PROBLEM TO WORK ON: Extract the opening line of the entries and every line after it, stopping at and including the line that contains "I will leave". Do not include pictures.

THE RECORDS:

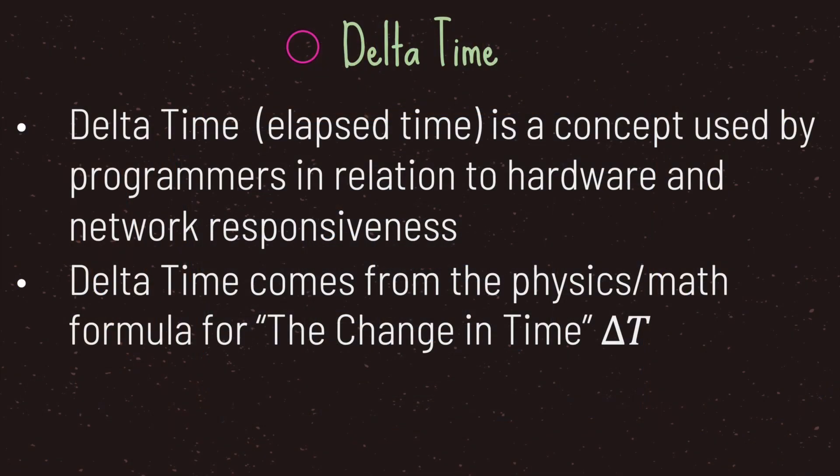Hello and welcome to another episode in the Godot Basics tutorial series. In this episode we will be taking a look at delta time.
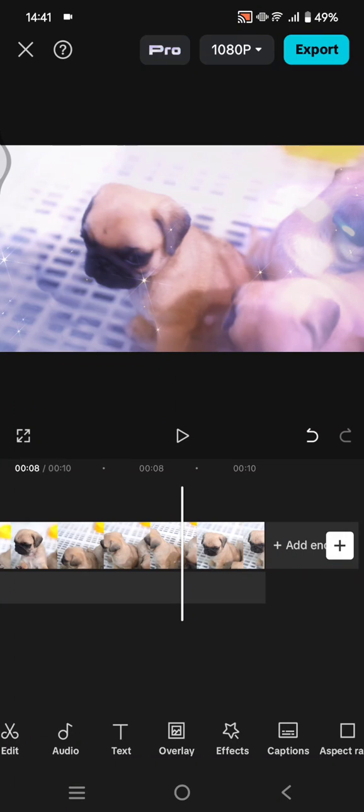Hi guys, welcome back with me again in this channel. In today's tutorial, I'm going to show you how you can remove pro features error when exporting your projects on CapCut. So in here, I've already opened my projects.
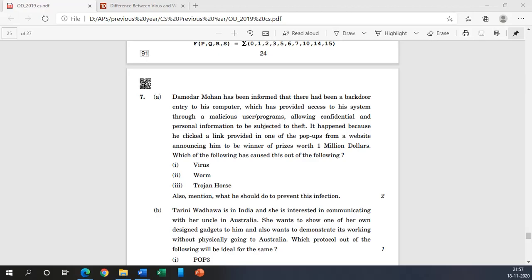Hi everyone, welcome you all. So today we are going to discuss question paper of outside Delhi 2019 Computer Science, and in this question paper we are going to discuss question number seven. This is completely related to networking concepts and is equally beneficial for Information Practices students as well as Computer Science. That's why we are going to discuss question number seven.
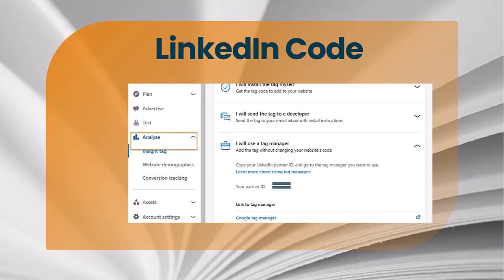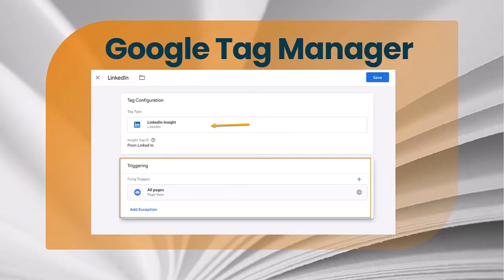Once you have that partner code from LinkedIn, go to Google Tag Manager and set up the tag type as LinkedIn Insight. Then set up your trigger on all pages. If you don't want to trigger on every page, you can specify which page by the page URL, but in this case we're going to track all pages on our website with the LinkedIn Insight tag.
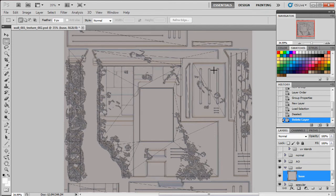Alright, in this chapter we're going to start putting a diffuse coat on our model here. That basically means we're just going to start adding color information.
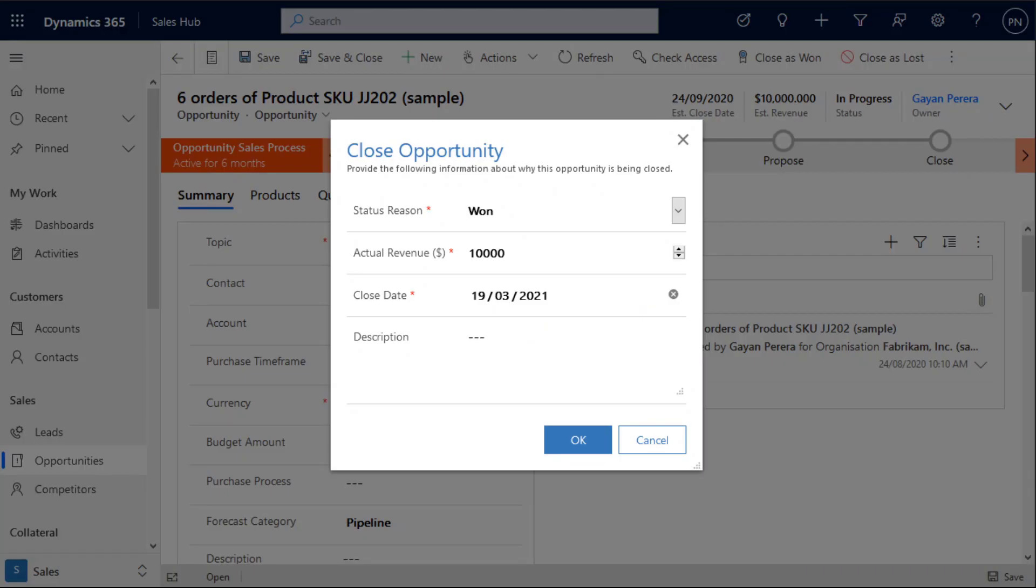Dialog Build It for Dynamics 365 gives developers the ability to create simple or complex dialogues and user-driven processes within Dynamics 365.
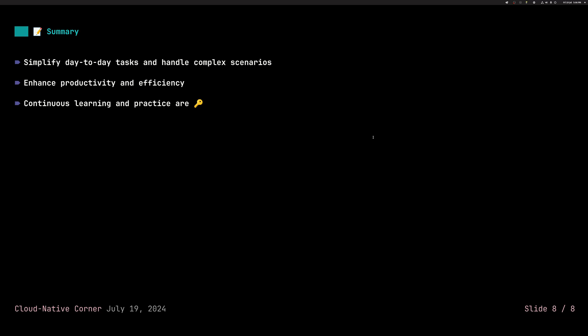I will leave a link to this video, to this file actually, not video. This file in the video description. So you can execute those commands on your own or just copy paste if you're interested. And I will also leave a link to a blog where I wrote about more commands. Actually, I covered six different commands. So you can also read this blog if you're interested. Otherwise, thank you for your time and see you in the next video.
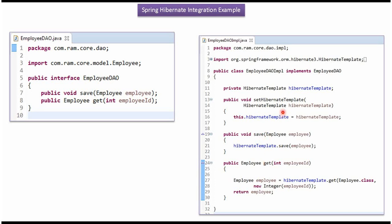Based on the Spring configuration, the Spring container creates a Hibernate template that will be injected into this EmployeeDAOImpl. Using the Hibernate template, we can insert a record in the Employee table and we can get a record from the Employee table.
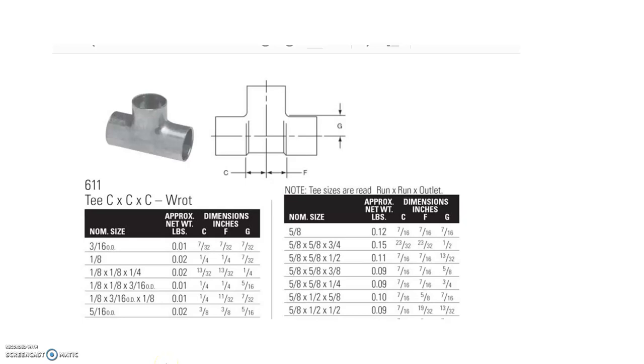This is a short video on how to read a fitting table to either find the fitting allowance or face-to-center measurements. In this case, the fitting allowance measurement for copper T's of different sizes.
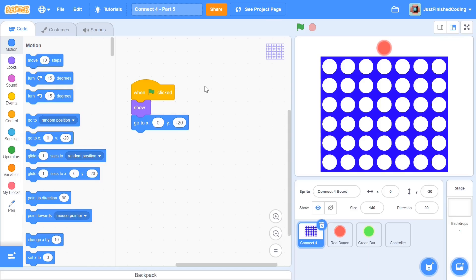What's up everyone, welcome back to Just Finished Coding. This is part 5 of our Connect 4 series on Scratch 3, so let's get coding.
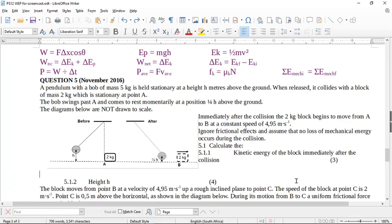Let's look at this Work, Energy and Power question — Question 5, November 2016. Here are all my Work, Energy and Power formulas that I might need. This one is not on the data sheet: the sum of the mechanical energy before equals the sum of the mechanical energy afterwards. This one's in that other section, but sometimes we need it for friction.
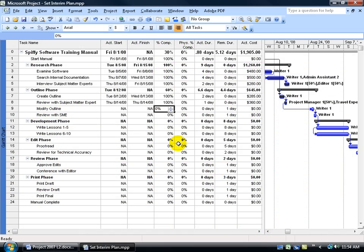As you recall in the previous training video, we learned how to set an interim plan. Here, I'm going to try to hit two birds with one stone. First of all, I'm going to show you how to view those interim plans that were set. But second of all,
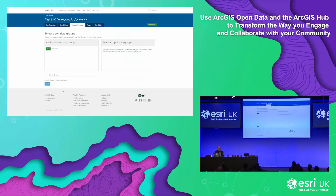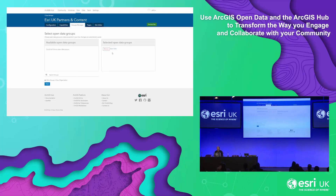The first tab opens up on the Group Manager. The Group Manager tab allows you to select your group within your ArcGIS Online subscription that hosts the public data you want made available in your hub site. I've got a group here called Open Data, and I can click Add to move it across to the selected open data group.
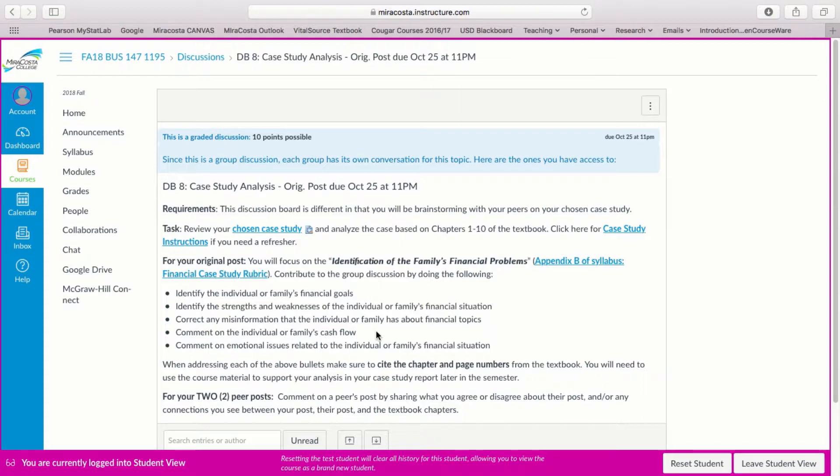Make sure to discuss or comment on the individual or family's cash flow. Are they aware of what their cash flow looks like? Is it good? Is it bad?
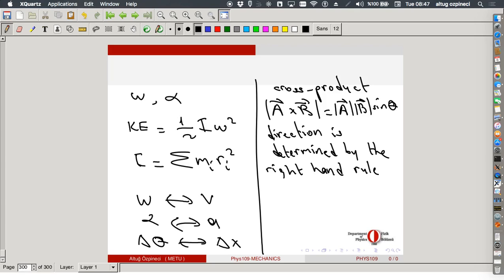This right-hand rule also allowed us to determine the direction of angular velocity. The angular velocity can be defined as a vector, and its direction is determined using the right-hand rule. Take your right hand, curl it in the direction of rotation, and your thumb points in the direction of angular velocity. If it is rotating faster, the angular acceleration is in the same direction because the angular velocity increased in that direction.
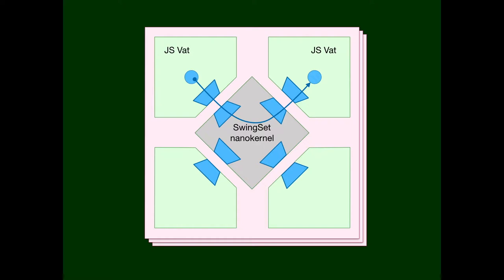How is it that an object in one VAT can effectively hold a capability to an object in another VAT? These trapezoids are what is called a C-list. Each trapezoid is a C-list, which is a table mapping from integer indices to capabilities, to object references. This notion of a C-list is most familiar from Unix with file descriptor indices. A program running under Unix uses a number, a file descriptor index, to talk to the kernel about a file descriptor. The kernel has a table per process associating those indices with file descriptors.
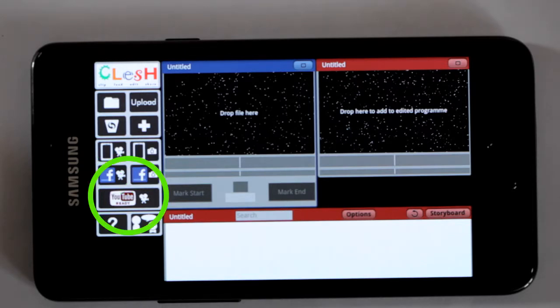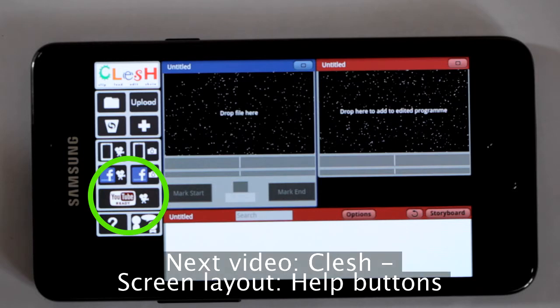The long one is for the YouTube video. If you drop a video on there, it'll upload it into your YouTube account. You have to be logged onto YouTube for that to work, and you have to give it permission. So if you haven't done those, it asks you for permission.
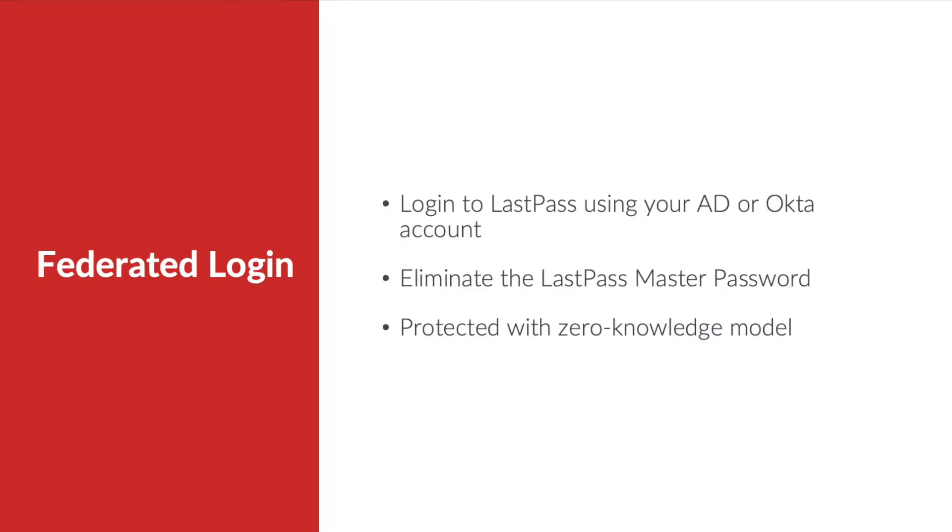In this video we will see how you can simplify access to LastPass using federated login. Your users will be able to access their LastPass vault using their AD or Okta account without having to remember a separate LastPass master password.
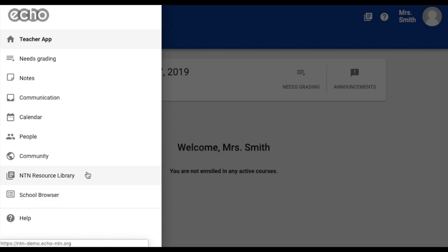The NTN Resource Library is where you can access categorized resources on all things PBL. The School Browser allows any staff member to browse courses, agendas, projects, course content, and student grades within a school. You can also access the Help Center here, as previously shown in the top toolbar.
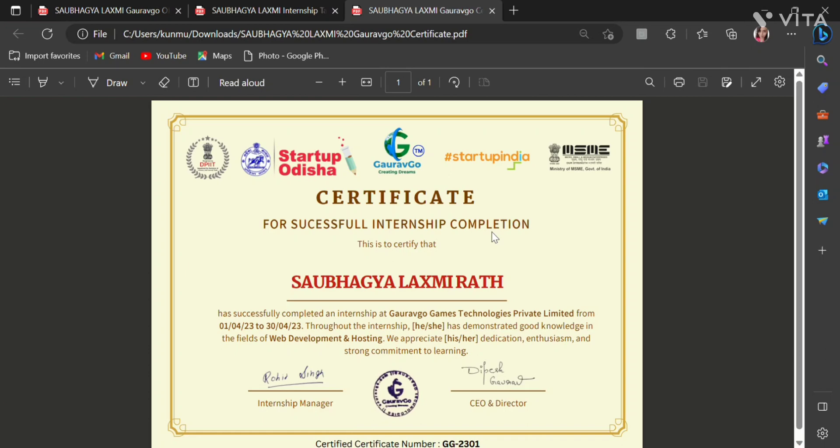Here is my internship completion letter. And you can also avail this completion letter by these simple steps. That's all for today. Thank you.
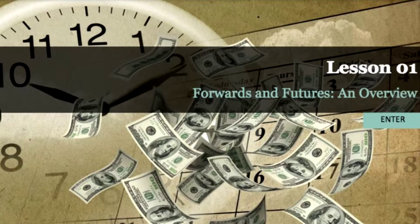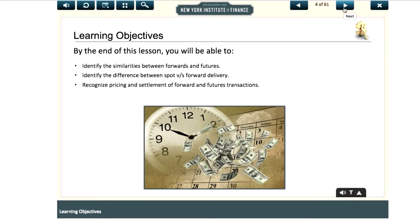By the end of this lesson, you will be able to identify the similarities between forwards and futures and the difference between spot versus forward delivery. You will also be able to recognize pricing and settlement of forward and futures transactions.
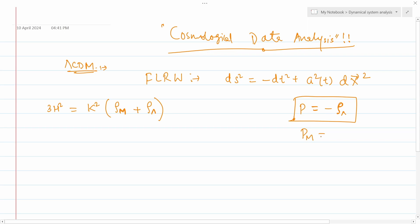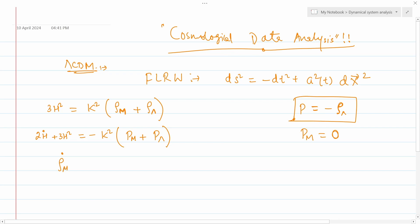The pressure for dark matter is zero because it is pressureless, like a dust particle. The second Friedmann equation — also called the Raychaudhuri equation — is 2Ṡ + 3H² = −κ²(p_matter + p_lambda). Along with these two equations, we have two fluid equations of motion, which express conservation of matter quantities: ρ̇_m + 3H(ρ_m + p_m) = 0, and ρ̇_λ + 3H(ρ_λ + p_λ) = 0.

RESPONSE:
Hello and welcome to another episode in the Godot Basics tutorial series. In this episode we will be taking a look at delta time.
Hi guys, welcome back with me again in this channel. In today's tutorial, I'm going to show you how you can remove pro features error when exporting your projects on CapCut. So in here, I've already opened my projects.
Hi everyone, welcome you all. So today we are going to discuss question paper of outside Delhi 2019 Computer Science, and in this question paper we are going to discuss question number seven. This is completely related to networking concepts and is equally beneficial for Information Practices students as well as Computer Science. That's why we are going to discuss question number seven.
Once you have that partner code from LinkedIn, go to Google Tag Manager and set up the tag type as LinkedIn Insight. Then set up your trigger on all pages. If you don't want to trigger on every page, you can specify which page by the page URL, but in this case we're going to track all pages on our website with the LinkedIn Insight tag.
Alright, in this chapter we're going to start putting a diffuse coat on our model here. That basically means we're just going to start adding color information.
Dialog Build It for Dynamics 365 gives developers the ability to create simple or complex dialogues and user-driven processes within Dynamics 365.
I will leave a link to this video, to this file actually, not video. This file in the video description. So you can execute those commands on your own or just copy paste if you're interested. And I will also leave a link to a blog where I wrote about more commands. Actually, I covered six different commands. So you can also read this blog if you're interested. Otherwise, thank you for your time and see you in the next video.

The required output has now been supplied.